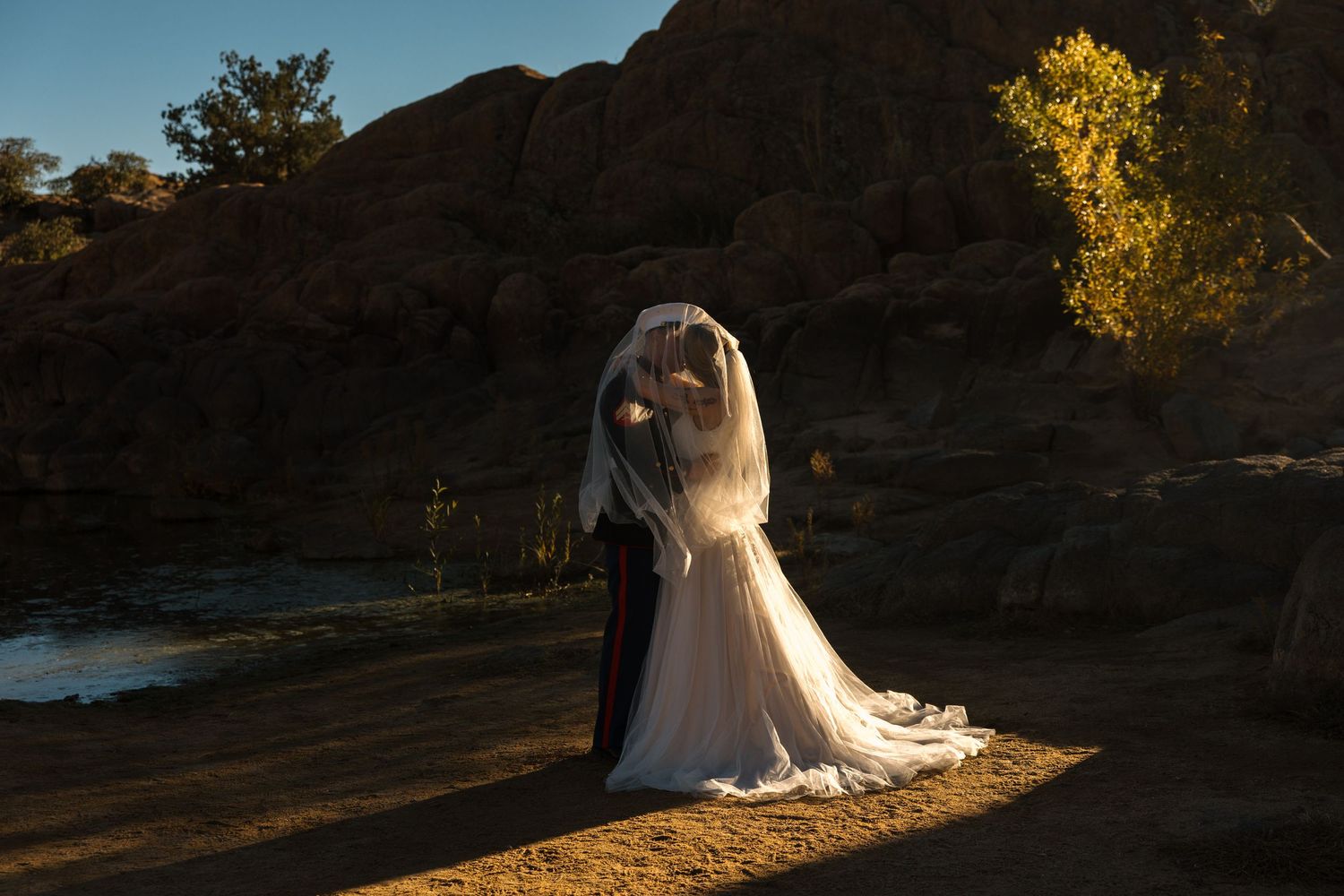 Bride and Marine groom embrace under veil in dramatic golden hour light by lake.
---
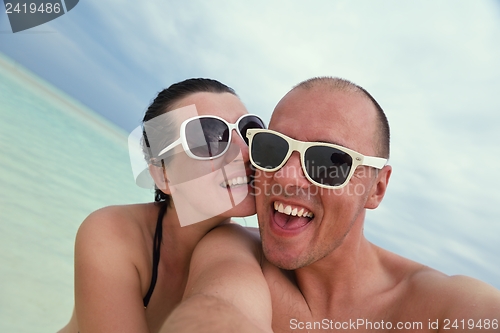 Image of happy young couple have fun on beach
---
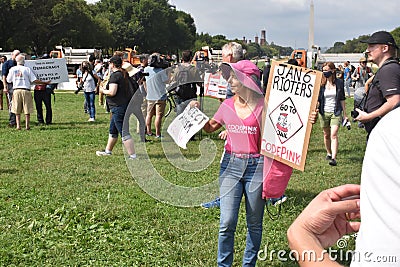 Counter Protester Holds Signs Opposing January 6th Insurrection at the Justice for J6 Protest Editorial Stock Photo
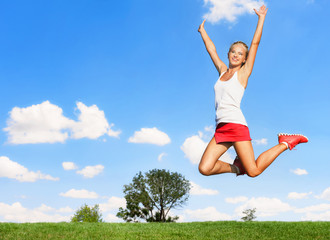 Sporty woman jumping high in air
---
▸ **Work item**
Now transcribe the lines above exactly, starting at the line containing "Counter Protester Holds" and ending at the line containing "Sporty woman jumping high in air", both lines included, pictures excluded.

▸ **Problem solution**
 Counter Protester Holds Signs Opposing January 6th Insurrection at the Justice for J6 Protest Editorial Stock Photo
 Sporty woman jumping high in air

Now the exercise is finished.